- Opening Delimiter -

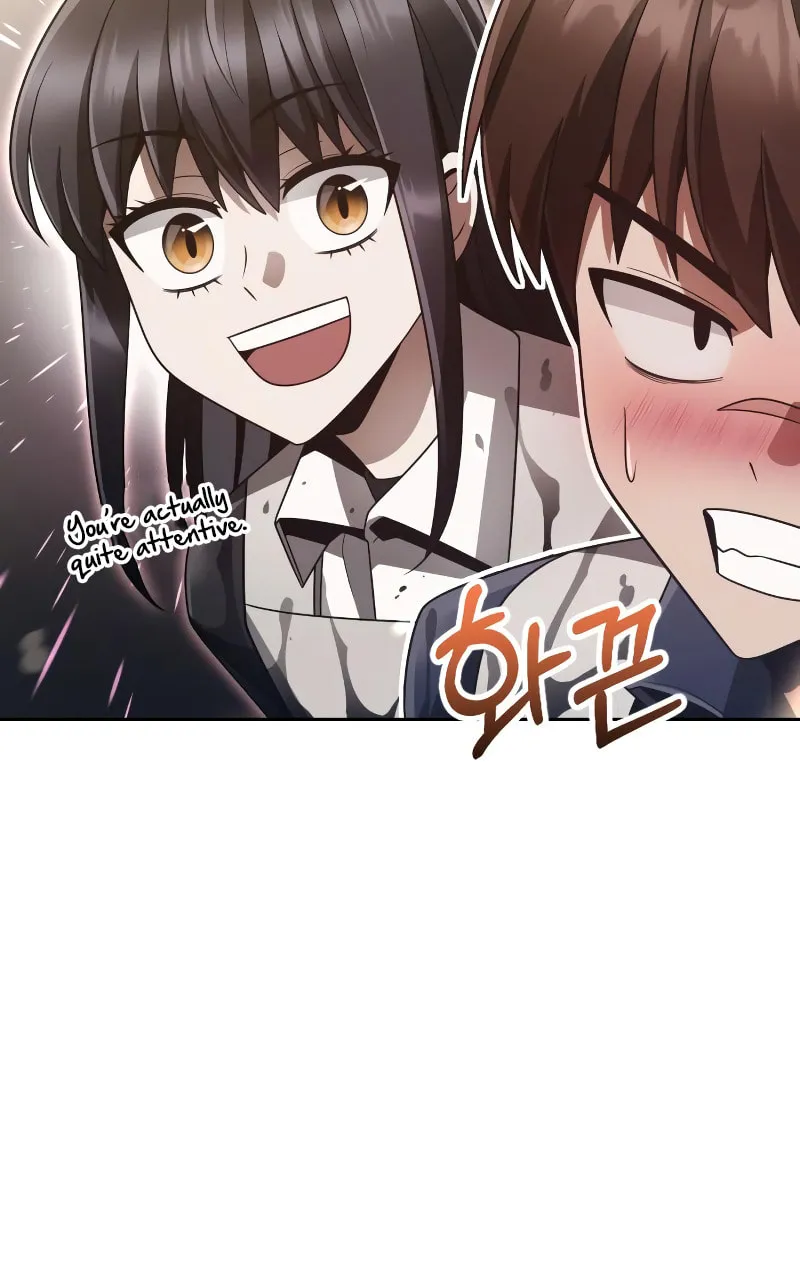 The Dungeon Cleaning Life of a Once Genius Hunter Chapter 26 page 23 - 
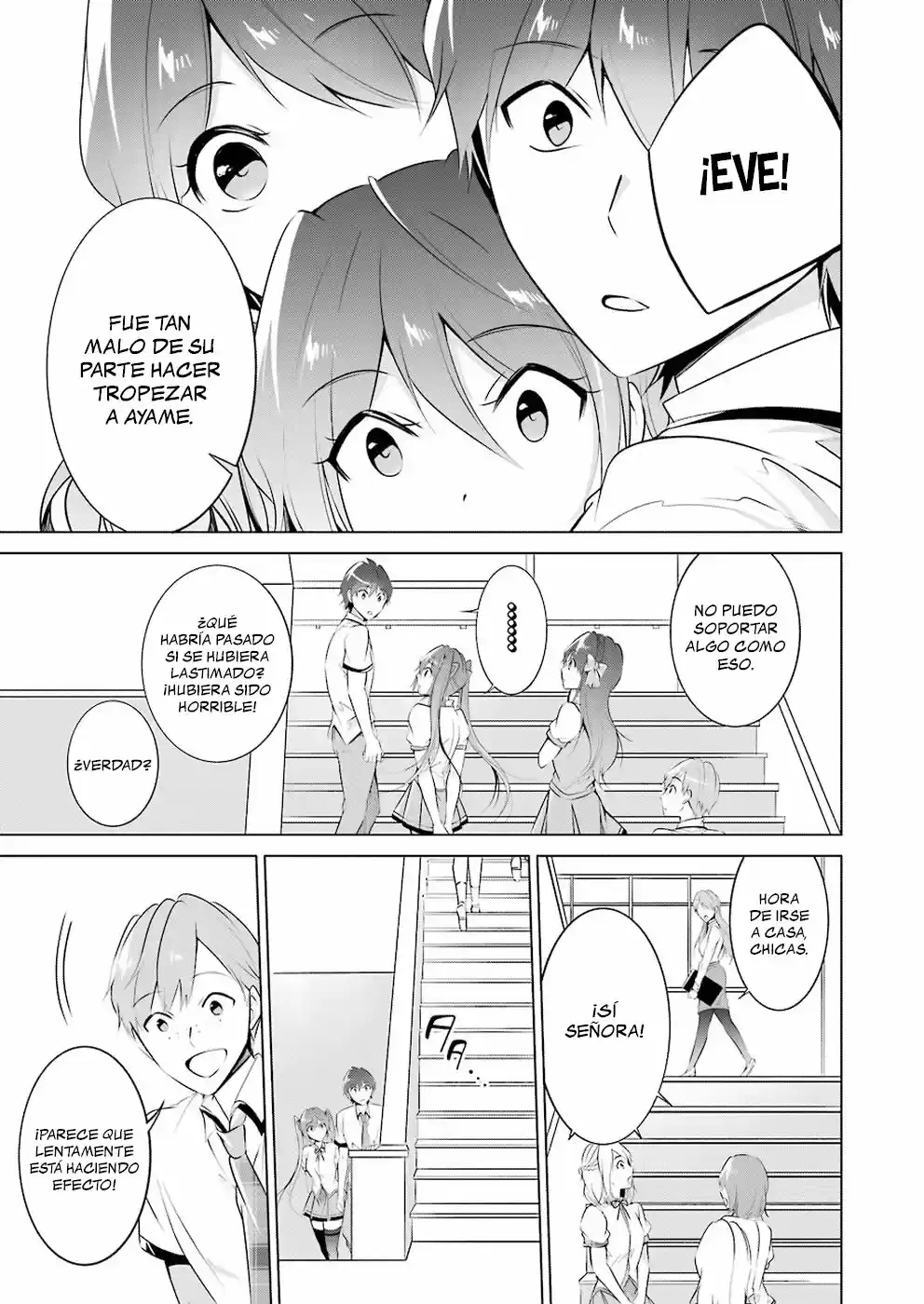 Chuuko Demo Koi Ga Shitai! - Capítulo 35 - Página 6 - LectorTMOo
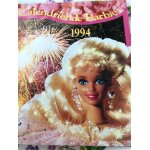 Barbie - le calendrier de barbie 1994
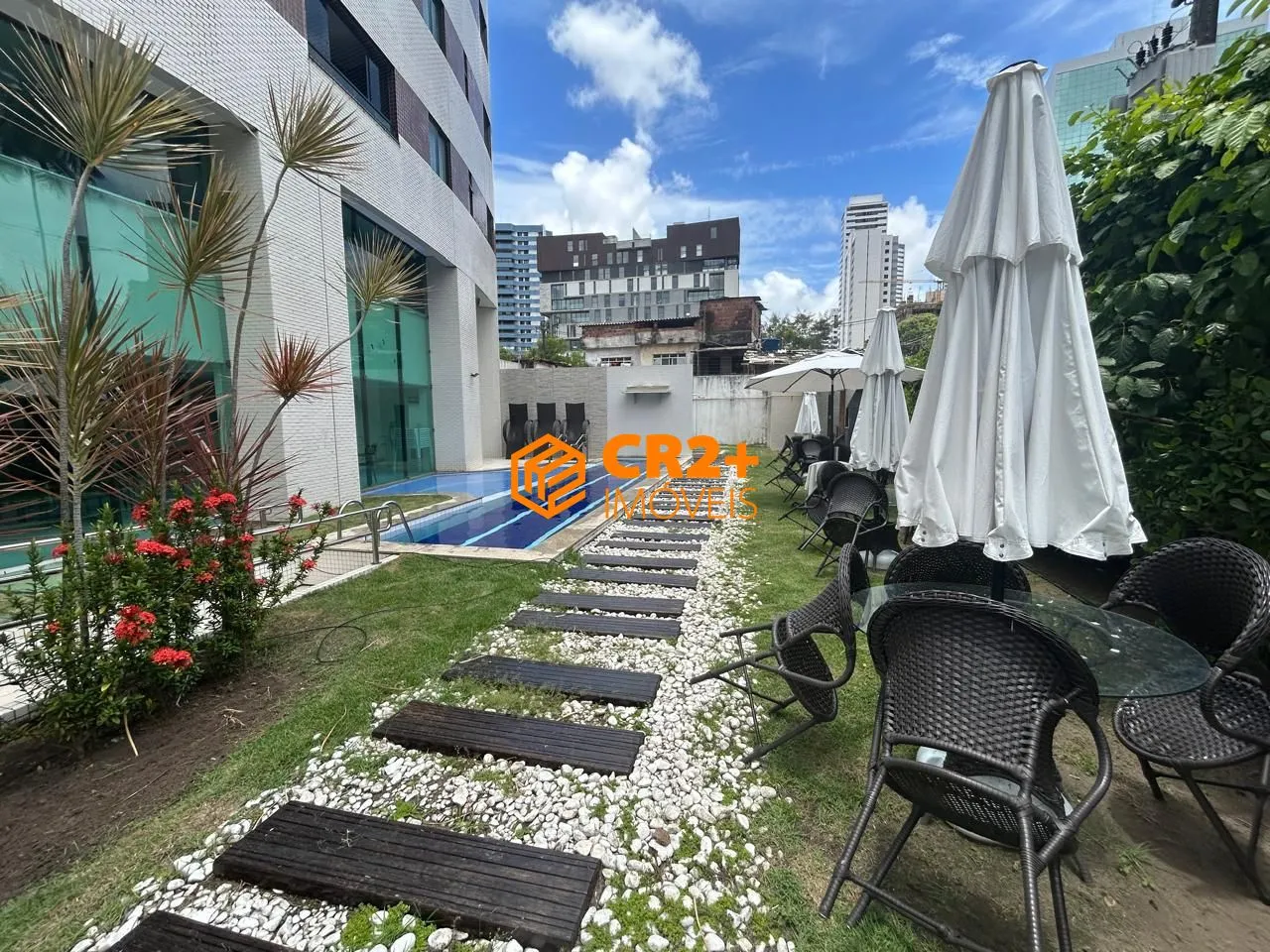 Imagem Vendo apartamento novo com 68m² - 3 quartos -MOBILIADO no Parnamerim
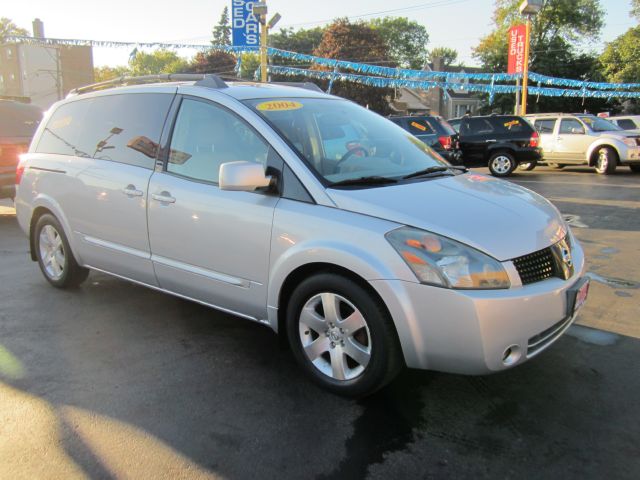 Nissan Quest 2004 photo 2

- Closing Delimiter -

• **Problem to solve**
Retype, without any picture, exactly the lines from the one with "Chuuko Demo Koi" through the end of the entries, inclusive.

• **Your solution**
 Chuuko Demo Koi Ga Shitai! - Capítulo 35 - Página 6 - LectorTMOo
 Barbie - le calendrier de barbie 1994
 Imagem Vendo apartamento novo com 68m² - 3 quartos -MOBILIADO no Parnamerim
 Nissan Quest 2004 photo 2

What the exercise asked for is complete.